_EXERCISE DETAILS:_ Copying exactly, give the lines in the material below from the one with "Twyst Wellness Powder" to the one with "Houseware Plow &", ends included, and nothing besides.

_SUPPLIED INFORMATION:_
☆ ☆ ☆ ☆

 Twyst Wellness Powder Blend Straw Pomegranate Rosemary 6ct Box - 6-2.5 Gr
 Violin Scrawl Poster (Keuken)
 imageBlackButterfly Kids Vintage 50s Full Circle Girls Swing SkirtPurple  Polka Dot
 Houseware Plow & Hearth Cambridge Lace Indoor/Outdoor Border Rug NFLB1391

☆ ☆ ☆ ☆

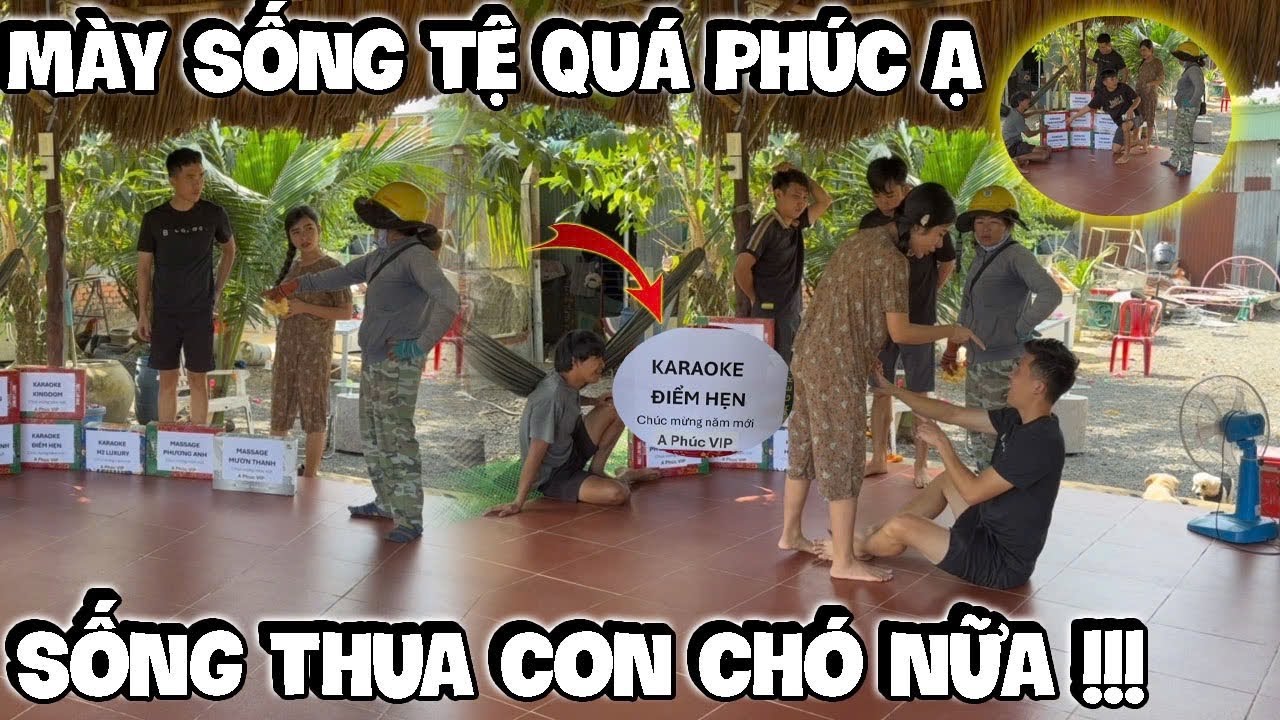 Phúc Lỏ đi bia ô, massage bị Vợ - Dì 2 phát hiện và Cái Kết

☆ ☆ ☆ ☆

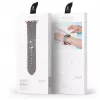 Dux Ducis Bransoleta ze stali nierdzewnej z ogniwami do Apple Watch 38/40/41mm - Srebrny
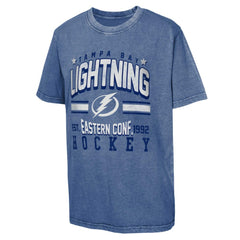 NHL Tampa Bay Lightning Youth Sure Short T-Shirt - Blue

☆ ☆ ☆ ☆

_EXERCISE RESULT:_
 Twyst Wellness Powder Blend Straw Pomegranate Rosemary 6ct Box - 6-2.5 Gr
 Violin Scrawl Poster (Keuken)
 imageBlackButterfly Kids Vintage 50s Full Circle Girls Swing SkirtPurple  Polka Dot
 Houseware Plow & Hearth Cambridge Lace Indoor/Outdoor Border Rug NFLB1391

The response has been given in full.